La guerra de Rusia en Ucrania hizo que Estados Unidos se volviera más decidido a expulsar a Wagner de África, y no es improbable que lo incluyera en la lista de organizaciones terroristas, tras una serie de sanciones que le impuso a él y a sus líderes. Mauritania, a pesar de su estrecha cooperación con Francia y Estados Unidos, firmó un acuerdo militar con Moscú en junio de 2021. Este acuerdo militar sería la puerta de entrada de Rusia para aumentar su influencia en este país estratégico que une la región del Magreb con los países de África Occidental.

Mientras Lavrov comienza su gira por cuatro países de África, el futuro de Rusia está en juego, especialmente en un mundo cuyo futuro se vaticina multipolar. Mientras tanto, el país euroasiático sigue consiguiendo el apoyo de los líderes africanos para su “operación militar especial” en la ex república soviética de Ucrania. El ministro Sergey Lavrov visitó Egipto, Congo, Uganda y Etiopía el año pasado y trató de justificar la decisión de Rusia de declarar la guerra a Ucrania. Asimismo, se embarca en otra gira de conferencias por el sur de África (Sudáfrica, Suazilandia, Botswana y Angola), donde los temas populares incluyen el cambio geopolítico, el aumento del neocolonialismo y la creación de un orden mundial multipolar.

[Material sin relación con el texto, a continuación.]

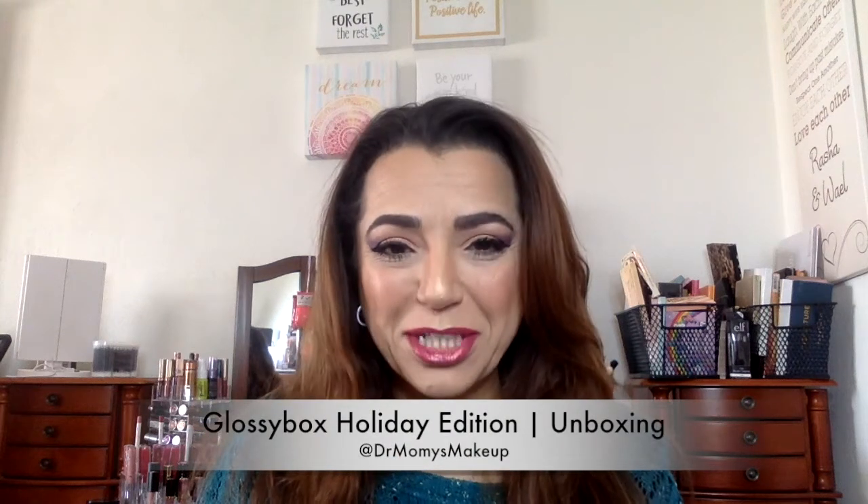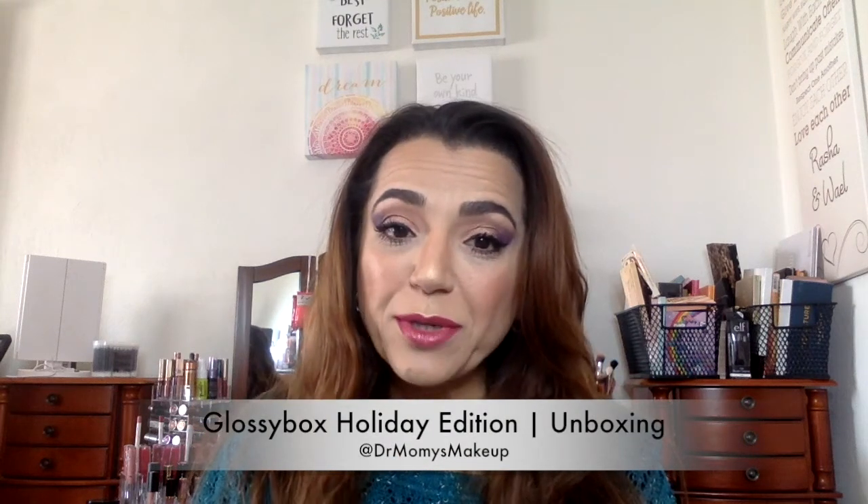Hi everyone, welcome back to my channel. Today I'll be doing an unboxing of a Glossy Box special holiday edition. I actually ended up paying just $10 for this. It was $40 some dollars, but I had Glossy dot points and they changed their system — now your points are actually money. So I ended up really only paying 10 bucks for this. It's a really, really good deal.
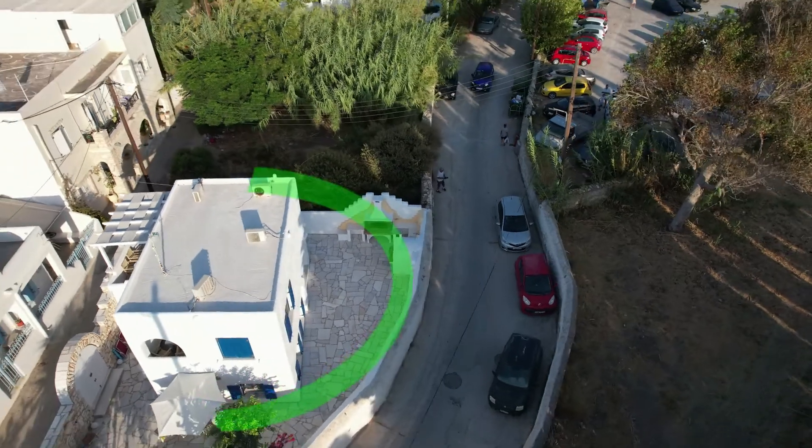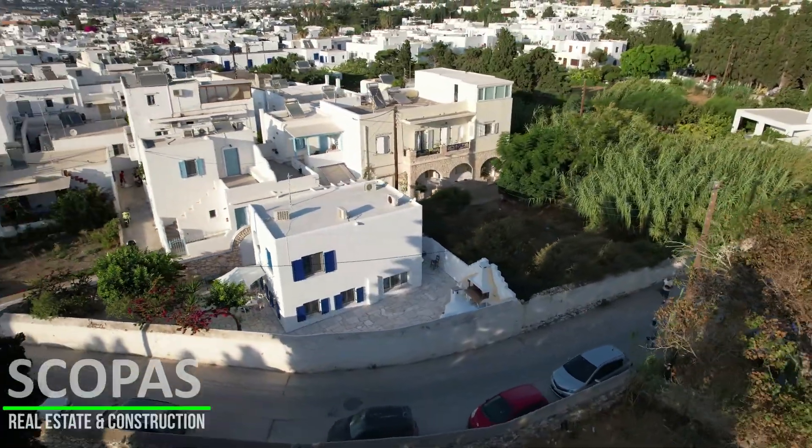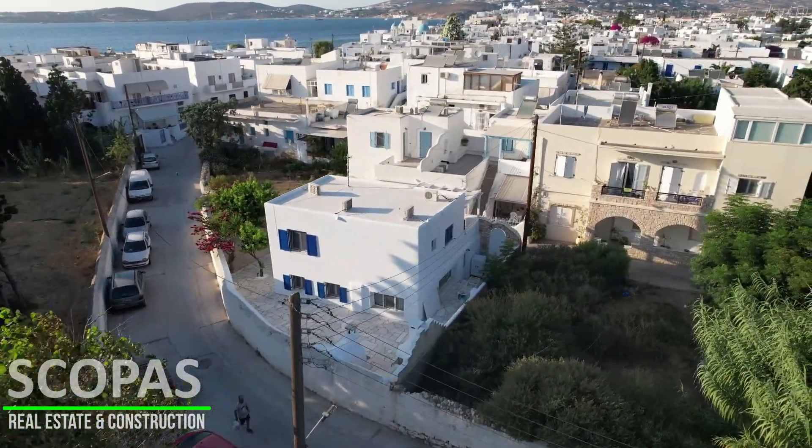House for sale by Scopus Real Estate and Construction, located in Paros, in Parikia. A house of 100 square meters on a plot of 233 square meters.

La crisis francesa en el Sahel es la clave para la integración de Rusia en la región. EE. UU. no quiere dejar la zona vacía. A través de la OTAN, Washington quiere renovar la nueva estrategia de seguridad en la región con Mauritania como columna vertebral del desarrollo. Europa debe centrar sus esfuerzos en combatir la radicalización violenta, las mafias, el tráfico de armas, drogas o migrantes y el auge del yihadismo en el Sahel y el Magreb a través de fuertes lazos diplomáticos con estos países para promover la cooperación y los acuerdos. La inestabilidad en la región del Sahel, combinada con el fracaso estratégico de la UE en cuestiones antiterroristas y la intervención de Rusia, ha llevado a que la alerta terrorista de, por ejemplo, España, se encuentre actualmente en nivel de alerta 4 sobre 5.

Durante estas visitas oficiales a África, Lavrov, a diferencia de sus homólogos chinos, rara vez cortó la cinta para la finalización de los proyectos de desarrollo africanos. Muchos de sus viajes se caracterizan por una retórica política impresionante y prometedora y numerosas iniciativas y conferencias geopolíticas. Con gran optimismo y deseo de fortalecer su influencia geopolítica, Rusia intercambió consignas y muchos de los acuerdos bilaterales que había firmado no se implementaron, incluidos todos los acuerdos de la primera cumbre África-Rusia. África, que históricamente ha logrado la independencia política, ahora necesita transformar su economía para brindar mejores condiciones de vida a sus aproximadamente 1.300 millones de habitantes.

Casi todos los países africanos buscan construir y crear una nueva situación económica incorporada que se ocupe de la creciente generación joven. Esto implica, además, la disponibilidad y accesibilidad a las tecnologías e innovaciones necesarias. Para realizar estas transformaciones novedosas, los líderes africanos necesitan socios externos creíbles con fondos para invertir, socios externos para apoyar proyectos a gran escala en el continente. Los días de eslóganes políticos quedaron atrás hace mucho tiempo. Aún se encuentra en una encrucijada, y lo que es peor, no sabe qué camino tomar para llegar a su destino.